[Dataset items]
# # #
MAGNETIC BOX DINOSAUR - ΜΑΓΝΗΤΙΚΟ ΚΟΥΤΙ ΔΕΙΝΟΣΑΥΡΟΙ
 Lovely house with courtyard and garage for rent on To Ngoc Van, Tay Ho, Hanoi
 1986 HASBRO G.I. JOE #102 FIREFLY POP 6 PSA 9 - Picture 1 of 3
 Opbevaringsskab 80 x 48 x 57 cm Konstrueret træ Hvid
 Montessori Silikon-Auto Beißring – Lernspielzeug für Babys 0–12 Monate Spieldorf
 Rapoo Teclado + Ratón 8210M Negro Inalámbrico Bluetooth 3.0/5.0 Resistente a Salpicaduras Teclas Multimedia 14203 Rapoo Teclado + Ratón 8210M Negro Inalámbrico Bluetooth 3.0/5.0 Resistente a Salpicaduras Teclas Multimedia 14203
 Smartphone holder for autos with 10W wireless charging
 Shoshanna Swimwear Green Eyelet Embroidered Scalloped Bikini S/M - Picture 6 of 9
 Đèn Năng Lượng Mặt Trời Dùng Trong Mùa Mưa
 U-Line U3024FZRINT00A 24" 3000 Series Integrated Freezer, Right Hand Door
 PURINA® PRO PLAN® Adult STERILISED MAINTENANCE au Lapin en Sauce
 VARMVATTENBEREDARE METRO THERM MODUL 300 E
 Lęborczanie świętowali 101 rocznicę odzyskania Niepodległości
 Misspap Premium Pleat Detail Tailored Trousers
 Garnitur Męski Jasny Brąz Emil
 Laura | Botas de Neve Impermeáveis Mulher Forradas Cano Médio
# # #
Reproduce all entries. Keep them exact.

MAGNETIC BOX DINOSAUR - ΜΑΓΝΗΤΙΚΟ ΚΟΥΤΙ ΔΕΙΝΟΣΑΥΡΟΙ
 Lovely house with courtyard and garage for rent on To Ngoc Van, Tay Ho, Hanoi
 1986 HASBRO G.I. JOE #102 FIREFLY POP 6 PSA 9 - Picture 1 of 3
 Opbevaringsskab 80 x 48 x 57 cm Konstrueret træ Hvid
 Montessori Silikon-Auto Beißring – Lernspielzeug für Babys 0–12 Monate Spieldorf
 Rapoo Teclado + Ratón 8210M Negro Inalámbrico Bluetooth 3.0/5.0 Resistente a Salpicaduras Teclas Multimedia 14203 Rapoo Teclado + Ratón 8210M Negro Inalámbrico Bluetooth 3.0/5.0 Resistente a Salpicaduras Teclas Multimedia 14203
 Smartphone holder for autos with 10W wireless charging
 Shoshanna Swimwear Green Eyelet Embroidered Scalloped Bikini S/M - Picture 6 of 9
 Đèn Năng Lượng Mặt Trời Dùng Trong Mùa Mưa
 U-Line U3024FZRINT00A 24" 3000 Series Integrated Freezer, Right Hand Door
 PURINA® PRO PLAN® Adult STERILISED MAINTENANCE au Lapin en Sauce
 VARMVATTENBEREDARE METRO THERM MODUL 300 E
 Lęborczanie świętowali 101 rocznicę odzyskania Niepodległości
 Misspap Premium Pleat Detail Tailored Trousers
 Garnitur Męski Jasny Brąz Emil
 Laura | Botas de Neve Impermeáveis Mulher Forradas Cano Médio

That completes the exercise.